* _Brief_: Restate the records in their entirety, word for word.

* _Extracted material_:
--- START ---

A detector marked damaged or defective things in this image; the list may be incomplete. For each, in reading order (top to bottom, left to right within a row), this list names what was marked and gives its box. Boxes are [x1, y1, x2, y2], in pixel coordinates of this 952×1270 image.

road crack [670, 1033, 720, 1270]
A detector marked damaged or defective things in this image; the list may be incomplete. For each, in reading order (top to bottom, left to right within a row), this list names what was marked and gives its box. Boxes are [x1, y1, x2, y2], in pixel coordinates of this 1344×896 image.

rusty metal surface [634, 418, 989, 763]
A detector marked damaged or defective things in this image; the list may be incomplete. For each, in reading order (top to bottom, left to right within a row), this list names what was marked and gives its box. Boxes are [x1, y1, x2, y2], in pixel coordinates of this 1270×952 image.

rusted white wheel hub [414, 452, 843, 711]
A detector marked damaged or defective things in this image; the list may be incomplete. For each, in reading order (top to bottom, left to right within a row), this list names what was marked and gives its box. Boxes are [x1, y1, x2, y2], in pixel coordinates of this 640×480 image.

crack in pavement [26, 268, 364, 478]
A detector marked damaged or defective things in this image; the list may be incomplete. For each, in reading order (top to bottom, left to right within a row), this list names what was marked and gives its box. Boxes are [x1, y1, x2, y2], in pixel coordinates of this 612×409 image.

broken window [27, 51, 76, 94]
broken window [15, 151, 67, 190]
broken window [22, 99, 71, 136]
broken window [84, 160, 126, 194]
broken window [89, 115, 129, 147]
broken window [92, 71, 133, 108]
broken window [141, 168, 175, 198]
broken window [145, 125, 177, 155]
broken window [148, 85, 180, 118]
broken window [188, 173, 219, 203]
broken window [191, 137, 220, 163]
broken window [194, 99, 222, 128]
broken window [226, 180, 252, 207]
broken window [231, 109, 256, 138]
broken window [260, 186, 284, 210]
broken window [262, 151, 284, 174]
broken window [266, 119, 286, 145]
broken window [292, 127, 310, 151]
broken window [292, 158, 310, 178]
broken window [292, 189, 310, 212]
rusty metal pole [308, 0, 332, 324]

--- END ---

* _Exercise result_:
A detector marked damaged or defective things in this image; the list may be incomplete. For each, in reading order (top to bottom, left to right within a row), this list names what was marked and gives its box. Boxes are [x1, y1, x2, y2], in pixel coordinates of this 952×1270 image.

road crack [670, 1033, 720, 1270]
A detector marked damaged or defective things in this image; the list may be incomplete. For each, in reading order (top to bottom, left to right within a row), this list names what was marked and gives its box. Boxes are [x1, y1, x2, y2], in pixel coordinates of this 1344×896 image.

rusty metal surface [634, 418, 989, 763]
A detector marked damaged or defective things in this image; the list may be incomplete. For each, in reading order (top to bottom, left to right within a row), this list names what was marked and gives its box. Boxes are [x1, y1, x2, y2], in pixel coordinates of this 1270×952 image.

rusted white wheel hub [414, 452, 843, 711]
A detector marked damaged or defective things in this image; the list may be incomplete. For each, in reading order (top to bottom, left to right within a row), this list names what was marked and gives its box. Boxes are [x1, y1, x2, y2], in pixel coordinates of this 640×480 image.

crack in pavement [26, 268, 364, 478]
A detector marked damaged or defective things in this image; the list may be incomplete. For each, in reading order (top to bottom, left to right within a row), this list names what was marked and gives its box. Boxes are [x1, y1, x2, y2], in pixel coordinates of this 612×409 image.

broken window [27, 51, 76, 94]
broken window [15, 151, 67, 190]
broken window [22, 99, 71, 136]
broken window [84, 160, 126, 194]
broken window [89, 115, 129, 147]
broken window [92, 71, 133, 108]
broken window [141, 168, 175, 198]
broken window [145, 125, 177, 155]
broken window [148, 85, 180, 118]
broken window [188, 173, 219, 203]
broken window [191, 137, 220, 163]
broken window [194, 99, 222, 128]
broken window [226, 180, 252, 207]
broken window [231, 109, 256, 138]
broken window [260, 186, 284, 210]
broken window [262, 151, 284, 174]
broken window [266, 119, 286, 145]
broken window [292, 127, 310, 151]
broken window [292, 158, 310, 178]
broken window [292, 189, 310, 212]
rusty metal pole [308, 0, 332, 324]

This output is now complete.